光秀を討ったのは、同じく信長の家臣であった豊臣秀吉。「本能寺の変」が起こった際、豊臣秀吉は岡山で戦をしていました。

戦を終わらせた秀吉はわずか数日で京都まで移動し、山崎の戦いで光秀を討ち取ります。この期間は、わずか十数日ほどです。

四字熟語では「三日」とすることで、ごく短い期間を表しているのです。また、「天下」はてんかではなく「でんか」と読むこともあります。

「三日天下」の使い方

「本能寺の変」のその後に由来する「三日天下」という言葉は、以下のように用いられます。「敵は本能寺にあり」と共に、日常会話で活用する際の参考にしてください。

・首位奪還かと思いきや三日天下で、あっという間に下位に転落してしまった
・三日天下に終わったが、歴史に確かな痕跡を残した
・トップに上り詰めたにも関わらず、過去の悪事が暴露され三日天下に終わった

「敵は本能寺にあり」という語句への理解を深めよう

「敵は本能寺にあり」は、明智光秀が織田信長を討った「本能寺の変」に由来するとされることわざです。仮の目的で相手の目を欺き、本来の目的を達成することを意味します。
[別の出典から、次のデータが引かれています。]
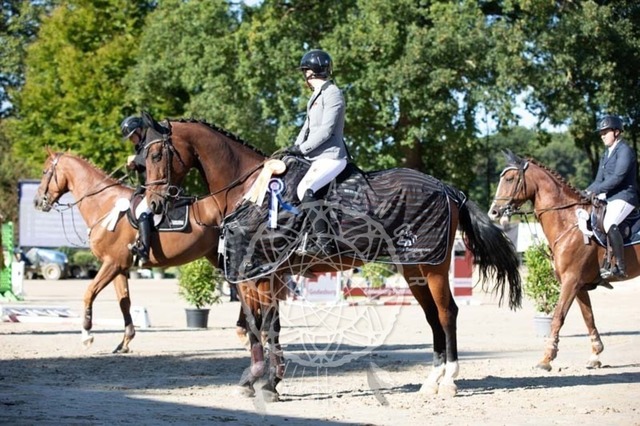 2B4A0739 | pixelfaenger - Realisiert mit Pictrs.com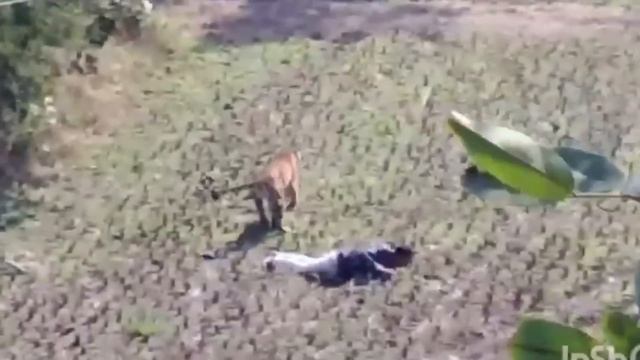 Sunderban Tiger Attacks || Why Human Wildlife Conflicts Occurring in Sunderban National park смотреть онлайн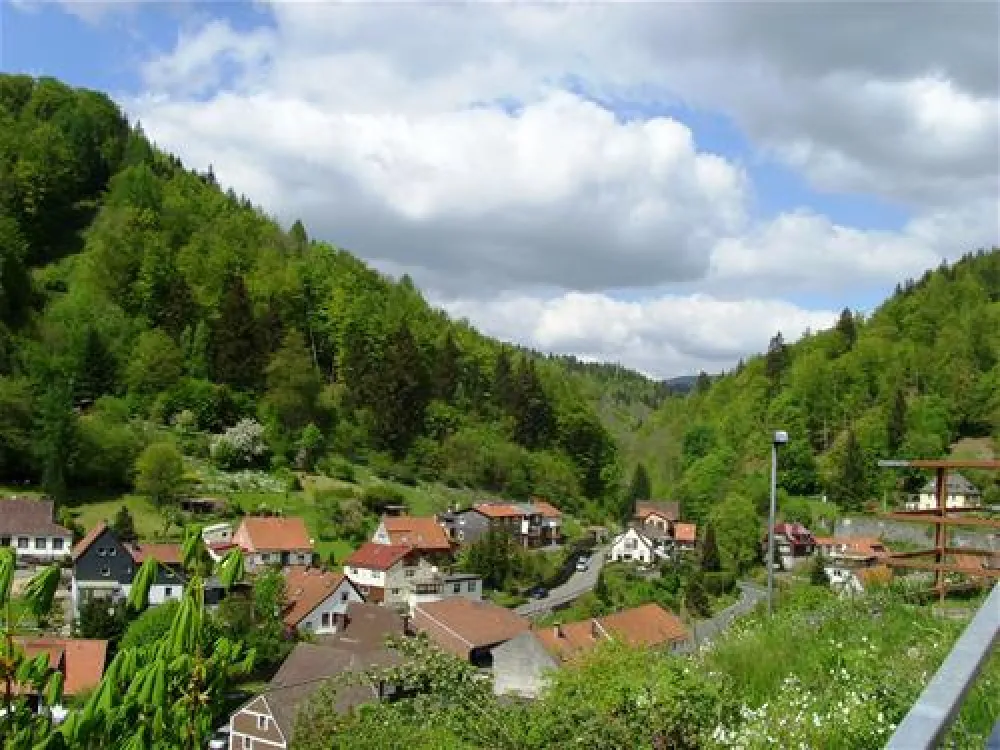 Campingplatz im Waldwinkel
四字熟語の「三日天下」は、「本能寺の変」のその後に関係する言葉です。明智光秀の天下がわずか数日で終わったことから、権力を握っている期間がきわめて短かったことを表します。

歴史的な背景と共に「敵は本能寺にあり」という語句への理解を深め、日常生活やビジネスで活用していきましょう。